Available records:

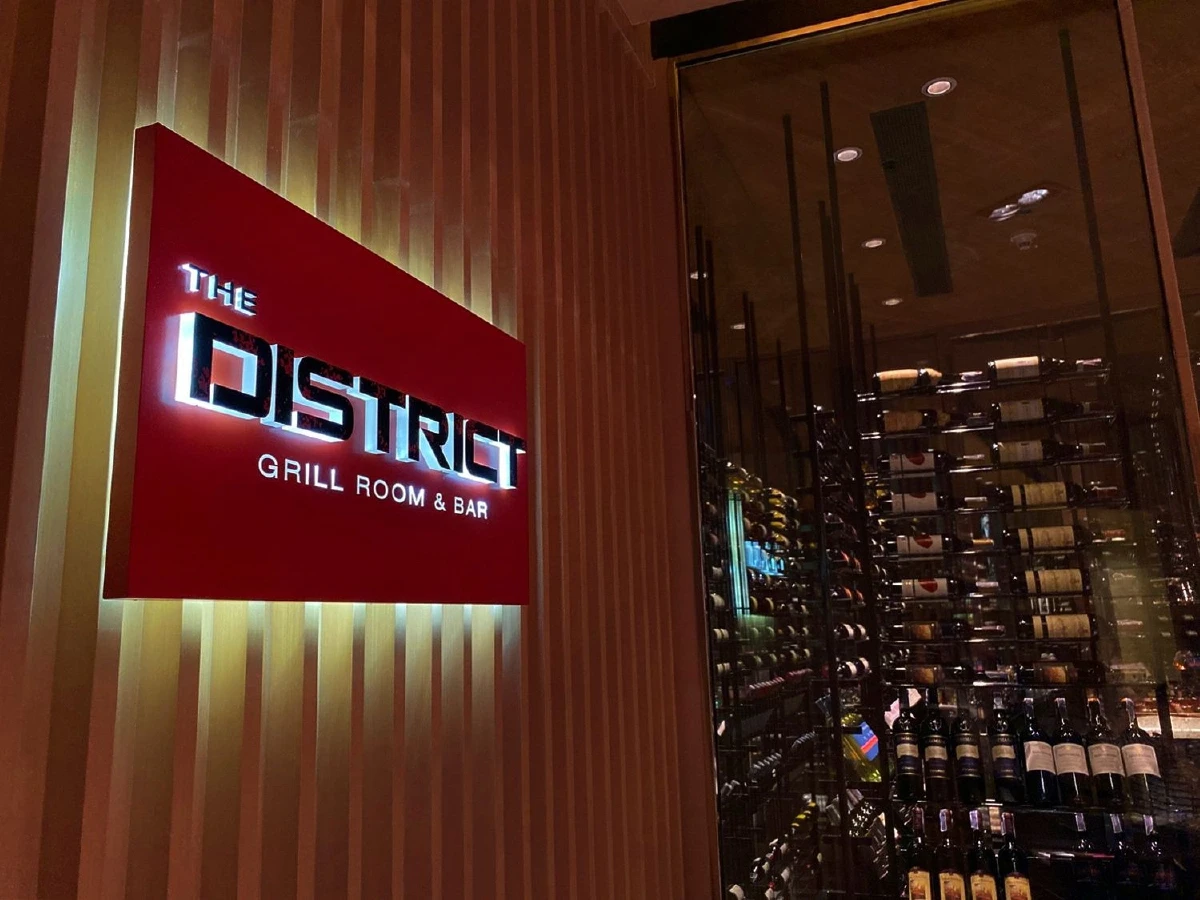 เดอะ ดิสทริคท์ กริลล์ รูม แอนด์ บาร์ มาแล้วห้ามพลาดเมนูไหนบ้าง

...

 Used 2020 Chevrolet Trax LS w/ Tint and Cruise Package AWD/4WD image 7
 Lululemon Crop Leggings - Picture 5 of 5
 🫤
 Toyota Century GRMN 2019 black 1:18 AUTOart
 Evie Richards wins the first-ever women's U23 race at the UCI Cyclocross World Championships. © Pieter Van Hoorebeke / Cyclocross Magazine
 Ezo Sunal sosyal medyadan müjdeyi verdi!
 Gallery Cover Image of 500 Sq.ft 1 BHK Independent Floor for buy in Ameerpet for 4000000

What is being asked: The response must hold only the lines above from the line with "Evie Richards wins" through the line with "Gallery Cover Image", each copied exactly, both ends kept.

Exercise result:
 Evie Richards wins the first-ever women's U23 race at the UCI Cyclocross World Championships. © Pieter Van Hoorebeke / Cyclocross Magazine
 Ezo Sunal sosyal medyadan müjdeyi verdi!
 Gallery Cover Image of 500 Sq.ft 1 BHK Independent Floor for buy in Ameerpet for 4000000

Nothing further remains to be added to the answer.